▸ INFORMATION GIVEN

+ + +

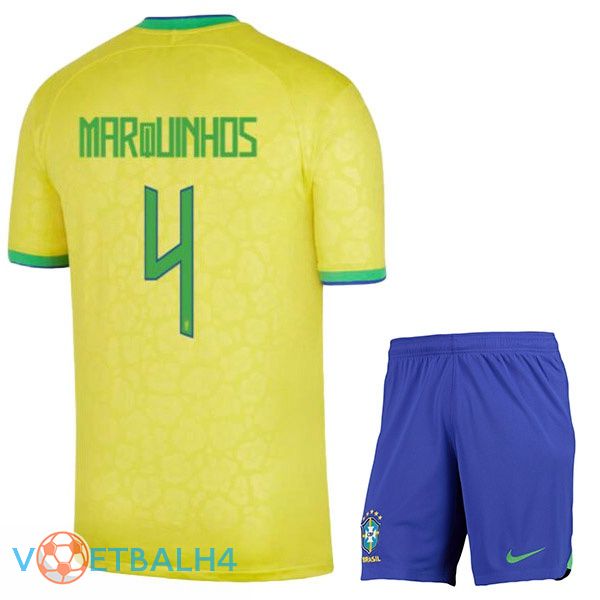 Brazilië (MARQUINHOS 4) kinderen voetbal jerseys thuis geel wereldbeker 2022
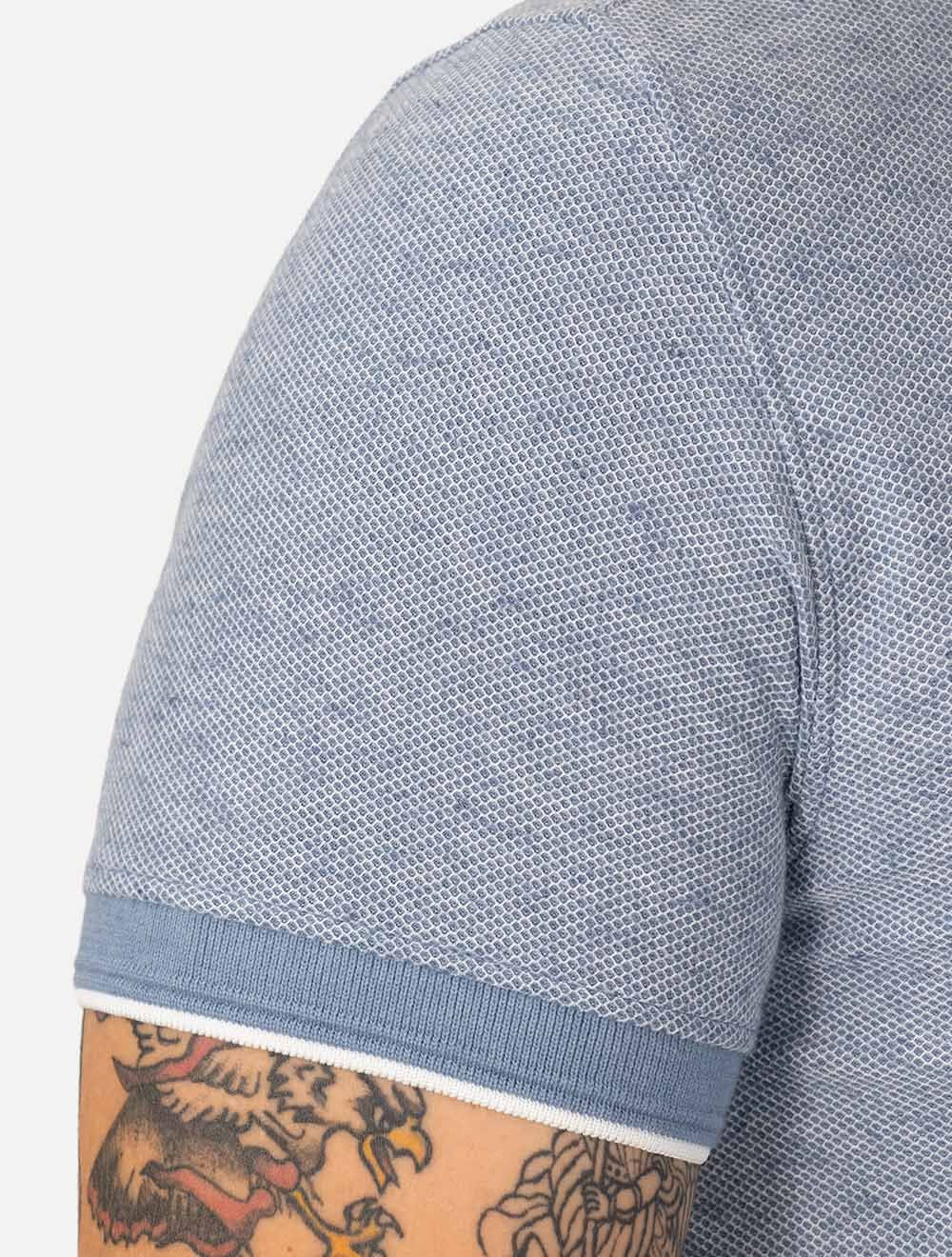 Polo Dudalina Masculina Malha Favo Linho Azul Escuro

+ + +

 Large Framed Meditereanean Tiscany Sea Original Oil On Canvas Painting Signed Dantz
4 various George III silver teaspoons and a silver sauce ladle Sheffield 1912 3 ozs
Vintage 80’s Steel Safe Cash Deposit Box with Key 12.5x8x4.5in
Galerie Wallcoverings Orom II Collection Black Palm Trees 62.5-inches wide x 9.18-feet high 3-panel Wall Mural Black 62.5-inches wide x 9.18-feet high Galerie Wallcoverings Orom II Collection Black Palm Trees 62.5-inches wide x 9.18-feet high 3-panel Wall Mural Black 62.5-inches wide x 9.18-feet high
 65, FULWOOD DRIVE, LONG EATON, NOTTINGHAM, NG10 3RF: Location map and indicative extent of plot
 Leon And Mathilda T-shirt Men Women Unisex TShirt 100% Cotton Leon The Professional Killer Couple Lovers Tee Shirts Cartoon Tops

+ + +

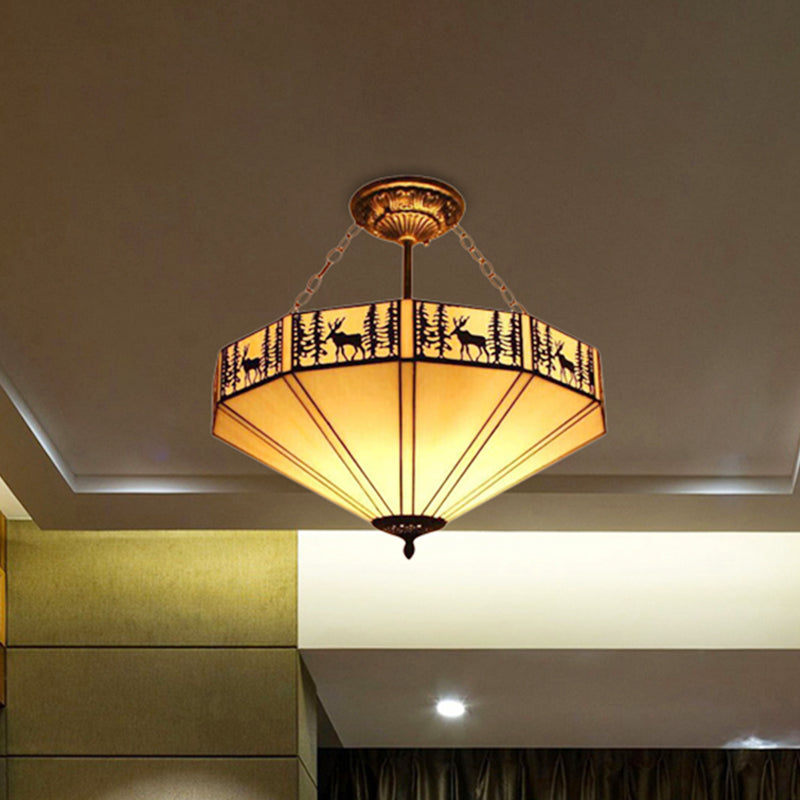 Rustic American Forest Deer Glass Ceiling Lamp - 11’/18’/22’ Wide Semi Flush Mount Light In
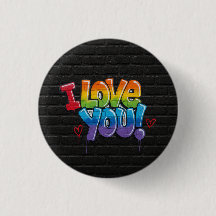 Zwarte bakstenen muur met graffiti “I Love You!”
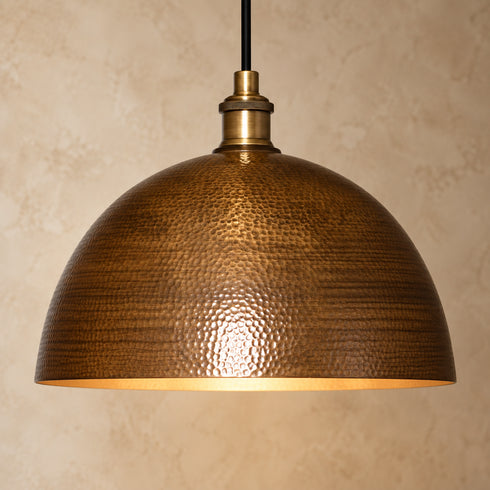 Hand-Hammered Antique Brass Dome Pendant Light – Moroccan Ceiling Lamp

+ + +

▸ YOUR ASSIGNMENT
What is needed is an exact copy of the lines above, from the one containing "Large Framed Meditereanean" through the one containing "Leon And Mathilda", with nothing added.

▸ EXPECTED ANSWER
 Large Framed Meditereanean Tiscany Sea Original Oil On Canvas Painting Signed Dantz
4 various George III silver teaspoons and a silver sauce ladle Sheffield 1912 3 ozs
Vintage 80’s Steel Safe Cash Deposit Box with Key 12.5x8x4.5in
Galerie Wallcoverings Orom II Collection Black Palm Trees 62.5-inches wide x 9.18-feet high 3-panel Wall Mural Black 62.5-inches wide x 9.18-feet high Galerie Wallcoverings Orom II Collection Black Palm Trees 62.5-inches wide x 9.18-feet high 3-panel Wall Mural Black 62.5-inches wide x 9.18-feet high
 65, FULWOOD DRIVE, LONG EATON, NOTTINGHAM, NG10 3RF: Location map and indicative extent of plot
 Leon And Mathilda T-shirt Men Women Unisex TShirt 100% Cotton Leon The Professional Killer Couple Lovers Tee Shirts Cartoon Tops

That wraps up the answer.